**PROVIDED DATA:**
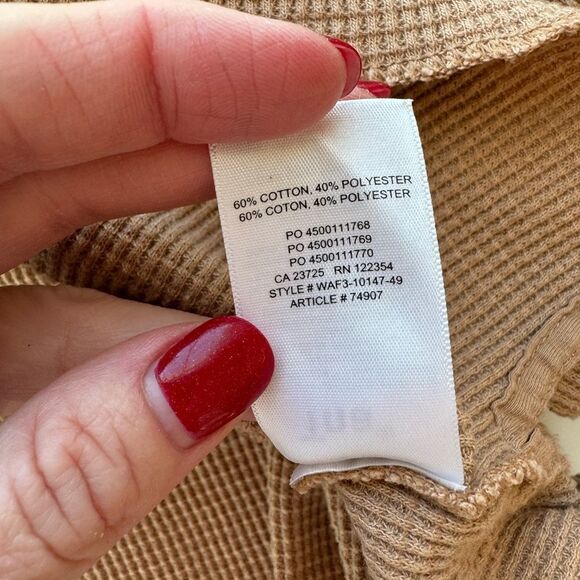 Artizia TNA Waffle Knit Women’s Small Cropped‎ Turtleneck Longsleeve Cozy Camel - Picture 11 of 13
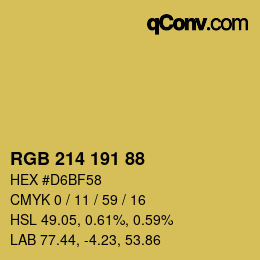 Color code: RGB 214 191 88 | qconv.com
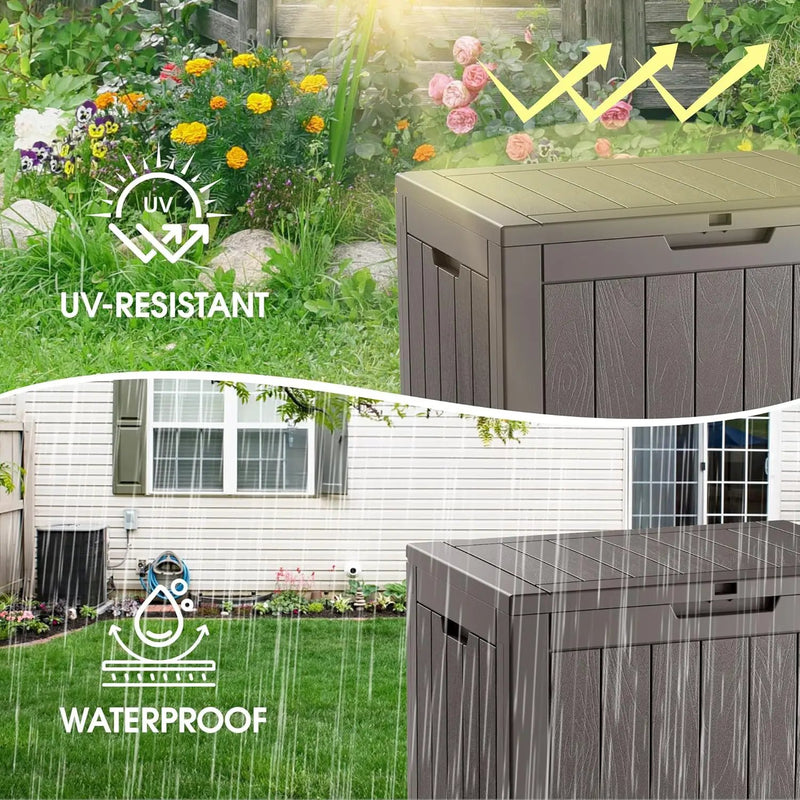 KAMABOKO 32 Gallon Outdoor Storage Box 2 Pack All-Weather Deck Box for Patio Furniture, Package Deliveries, Garden Tools, Pool Supplies & Cushions, Grey by GreenHaven Gardens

**DIRECTIONS:** Reproduce the entire listing above precisely, but keep the images out.

**WORKED SOLUTION:**
 Artizia TNA Waffle Knit Women’s Small Cropped‎ Turtleneck Longsleeve Cozy Camel - Picture 11 of 13
 Color code: RGB 214 191 88 | qconv.com
 KAMABOKO 32 Gallon Outdoor Storage Box 2 Pack All-Weather Deck Box for Patio Furniture, Package Deliveries, Garden Tools, Pool Supplies & Cushions, Grey by GreenHaven Gardens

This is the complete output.